Cette superstition donc, qui rode autour de l'arbre sacré sans oser le toucher, tant la peur est au ventre, se discipline à la ville par la représentation du Dieu enfin abattu. Chacun se reconnaissant en sa figure, les dieux finissent par y être partout. C'est le temps des épopées. Mais ce monde de héros est bientôt renversé par ceux qui rangent, flattent, vendent et achètent. Puis vient celui qui chasse les marchands et le pouvoir. A cet homme là qui porte le courage en son sommet, il n'est point besoin de langage, mais d'un signe et d'un seul: la croix.
Retour à l'enfance: " Cette mère, moins elle aura de preuves et plus elle s'appliquera à aimer, à aider, à servir. " Les rituels de l'amour, comme ceux des religions se fondent sur la foi inébranlable et lui tiennent " à l'utile des travaux et à cet autre utile, plus caché, contre les passions. "
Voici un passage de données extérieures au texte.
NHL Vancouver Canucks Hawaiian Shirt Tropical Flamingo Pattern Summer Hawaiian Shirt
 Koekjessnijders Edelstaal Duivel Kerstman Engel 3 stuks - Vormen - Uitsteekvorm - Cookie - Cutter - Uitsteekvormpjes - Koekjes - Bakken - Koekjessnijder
Ainsi s'esquisse de page en page une sagesse des religions et le philosophe en ajourne souvent la conclusion qu'il ne souhaite guère, nous promenant, nous éclairant de haltes poétiques au Pays de Cocagne, dans le Bois sacré, chez Homère ou Mercure, cherchant la source du figuier ou dédoublant le Diable, cet être qui nous montre les mêmes apparences que l'Esprit mais qui est voué, lui, à toujours être condamné.
Alain était-il réellement athée? c'est une question qu'il se pose. Il y répond ainsi:
" La religion est un conte qui comme tous les contes est plein de bon sens. Et l'on ne demande point si un conte est vrai "
Lisez cet ouvrage magnifique, écrit sur le ton de la conversation amicale, toujours s'éloignant de son sujet - ce qui tient la pensée en éveil. Vous y trouverez sans nul doute un peu de vous-même.